How we hacked McKinsey's AI platform
Vulnerability and Impact
- Public API had hundreds of endpoints; ~22 lacked authentication, including ones touching the production database.
- Core bug was conventional SQL injection: values were parameterized, but JSON field names were concatenated into SQL queries.
- Result: unauthenticated read/write access to the database, including tens of millions of chat messages and hundreds of thousands of internal files.

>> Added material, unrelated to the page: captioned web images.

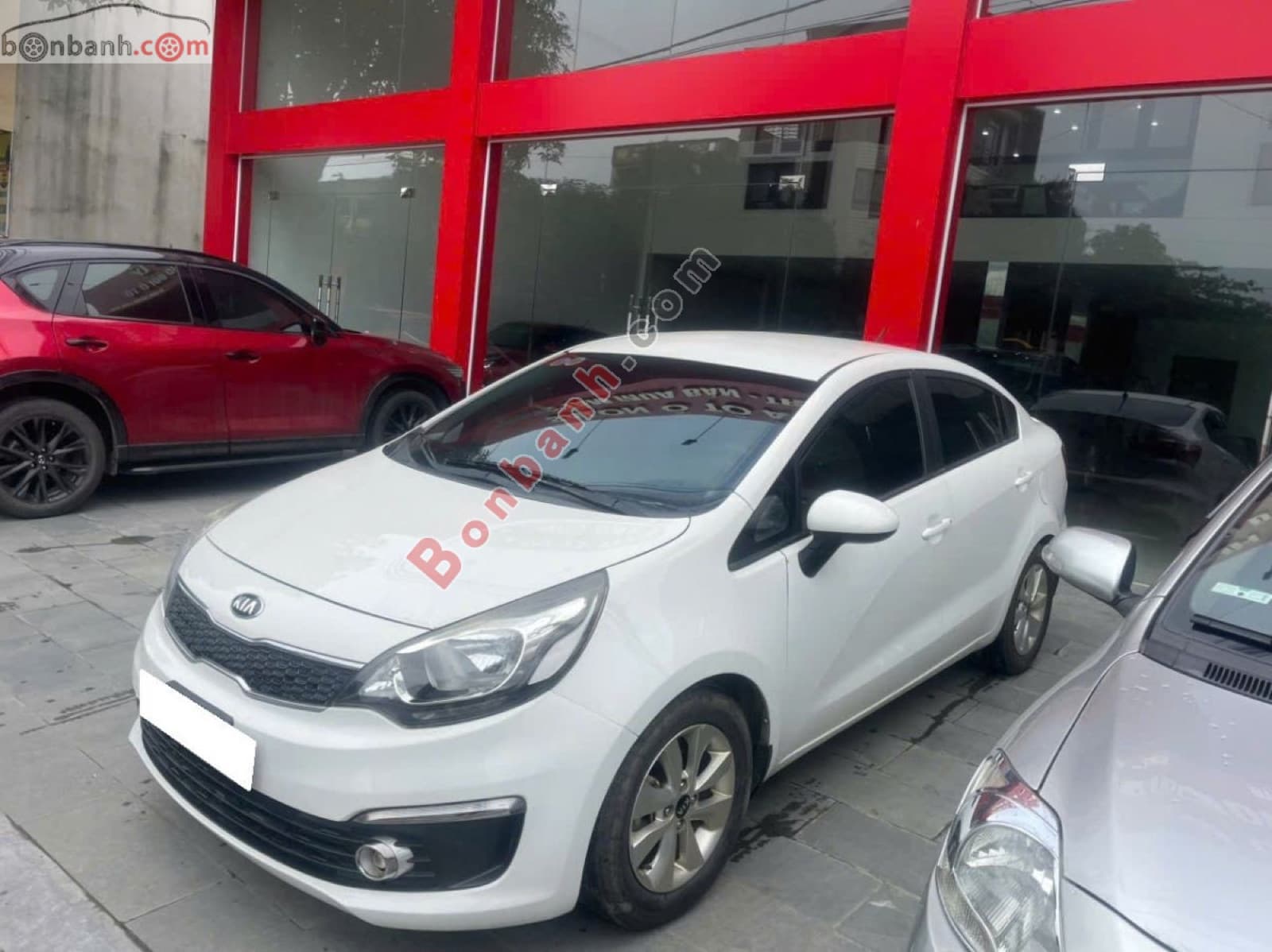 2016 Kia Rio 1.4 MT - ảnh nhỏ 2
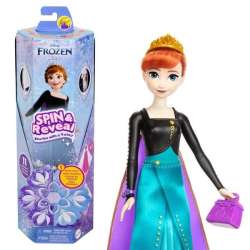 Disney Frozen Księżniczka Kraina Lodu Anna HXD27 - 1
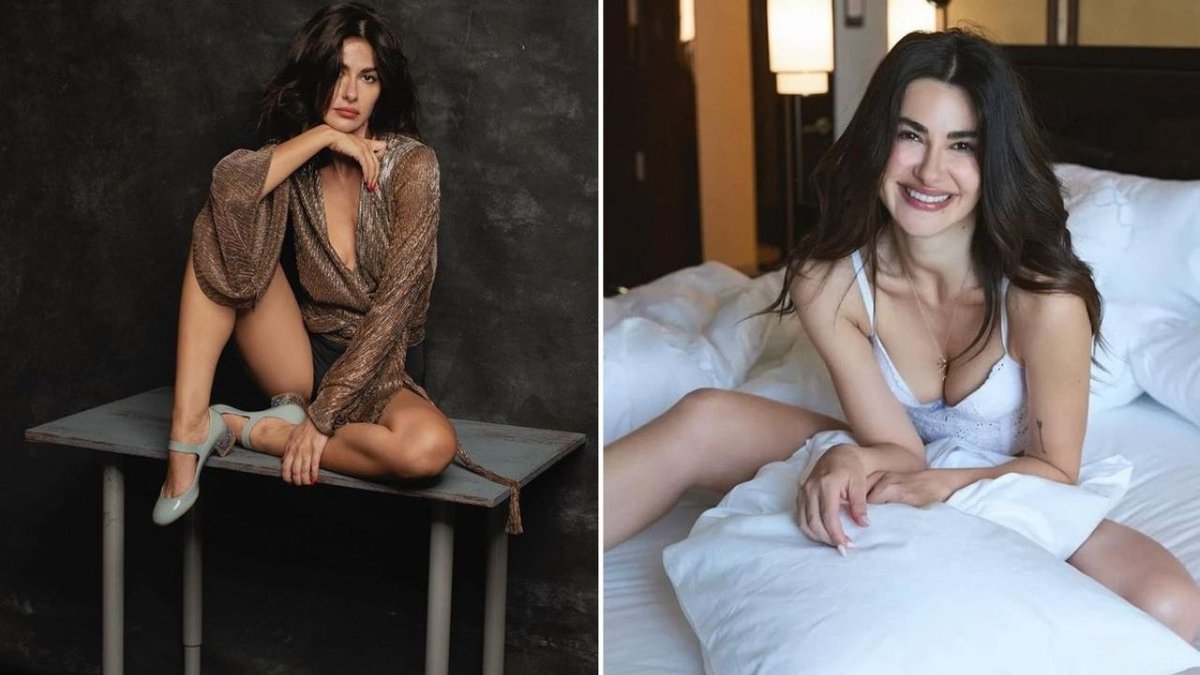 Nesrin Cavadzade Sessiz Sedasız Evlendi: Yaş Farkı Olay Oldu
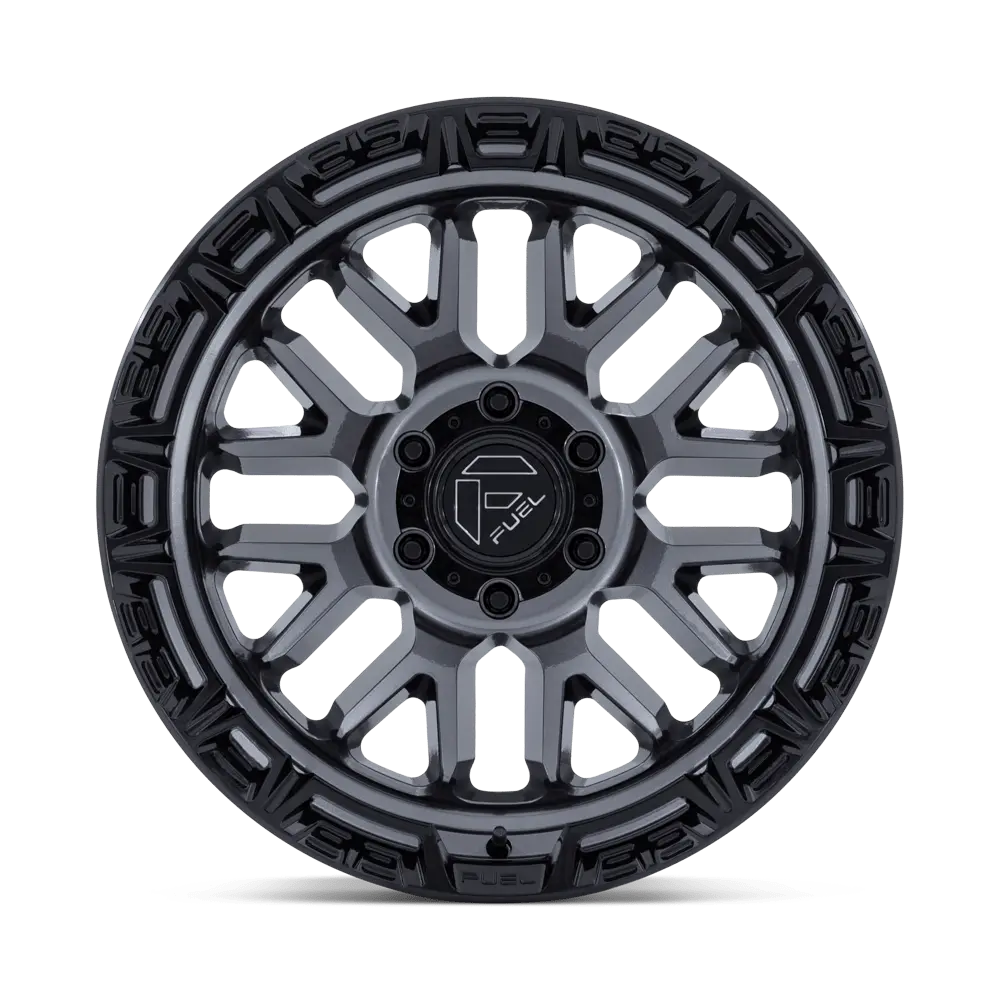 Fuel Wheels | Rail 9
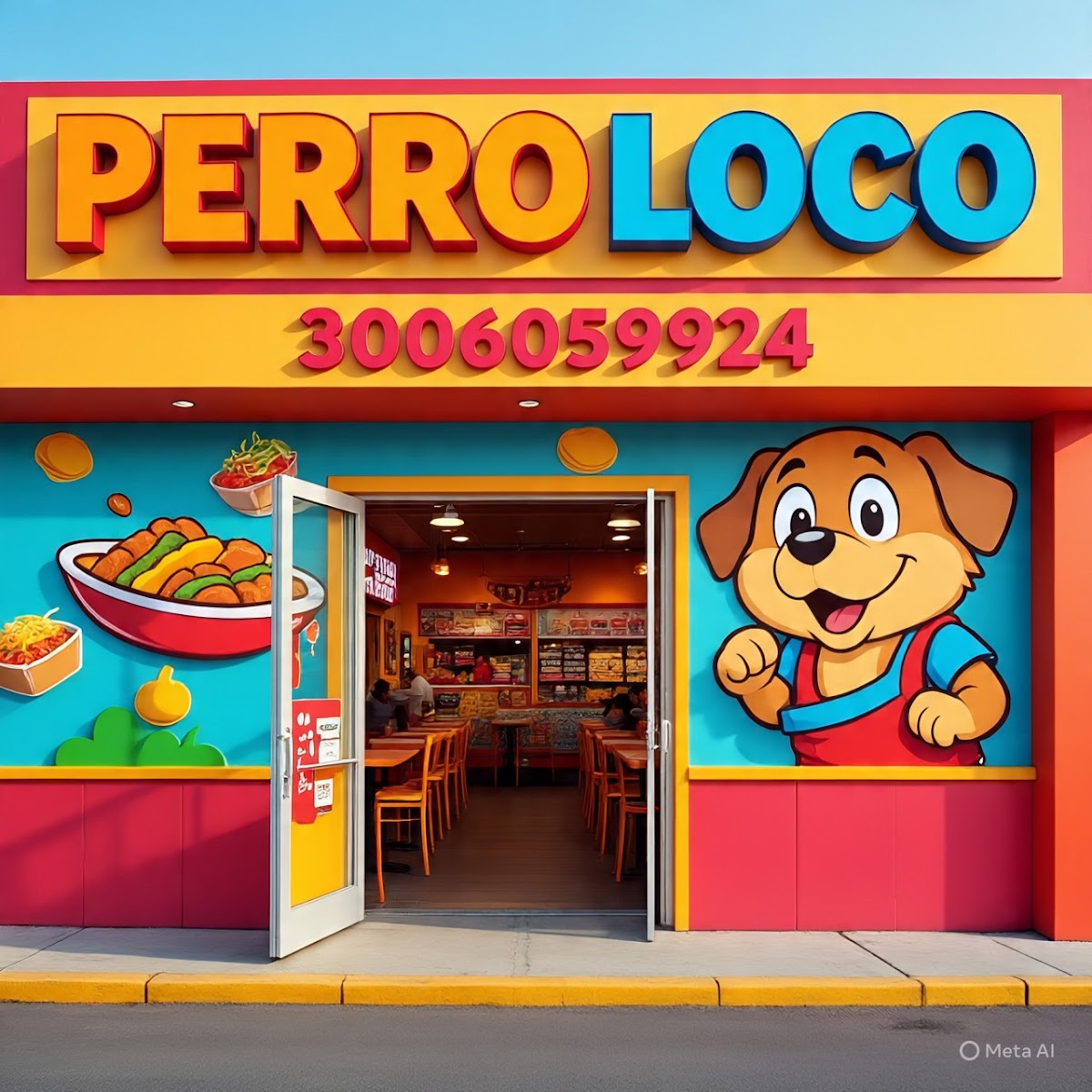 Perro Loco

- Several commenters stress how catastrophic the data exposure is (strategy, M&A, client work, internal research), and assume sophisticated actors may already have exploited it.
- Others note the especially dangerous aspect: write access to system prompts, enabling silent poisoning of AI behavior without normal deployment controls.
Use of AI Agents and Writing Style
- Many see the “AI agent hacked McKinsey” angle as more marketing than substance: the core issue was a basic web security failure found by an automated scan.
- Several complain the blog post reads like generic LLM output: punchy, “LinkedIn-style,” repetitive.
- Some argue AI writing initially feels high quality but becomes grating due to sameness; others say it’s fine for corporate blogs and not worth getting upset about.
McKinsey’s Tech Competence and Internal Culture
- Multiple commenters dispute the article’s framing of McKinsey as having “world-class technology teams,” saying tech work is often outsourced or low-status.
- Insider-style comments describe Lilli as originally internal-only, with strong access controls, and suggest cultural issues:
- Internal projects penalized vs. client work.
- Products driven by partners’ short-term incentives, then abandoned.
- Tech staff treated as second-class and many laid off, degrading in-house expertise.
- Some conclude this shows McKinsey should not be trusted to advise on AI or tech org design, though others separate their analytical strengths from implementation weaknesses.
Consulting Dynamics and Ethics
- Discussion reiterates common critiques of big consultancies:
- Hired to legitimize decisions already made and provide political cover or a scapegoat.
- Over-promise, under-deliver, but remain lucrative.
- Some object to using a “whitehat” finding so prominently as marketing.
- There is skepticism about the new security company’s obscurity, but links to external reporting and a disclosure timeline reassure some that McKinsey acknowledged and fixed the issues.
Broader AI & Security Takeaways
- Commenters note how AI agents can rapidly map attack surfaces and probe every parameter, making subtle mistakes (like unsafe key concatenation) easier to exploit.
- Several predict growing demand for continuous, automated security testing of AI-driven systems and automation-heavy internal tools.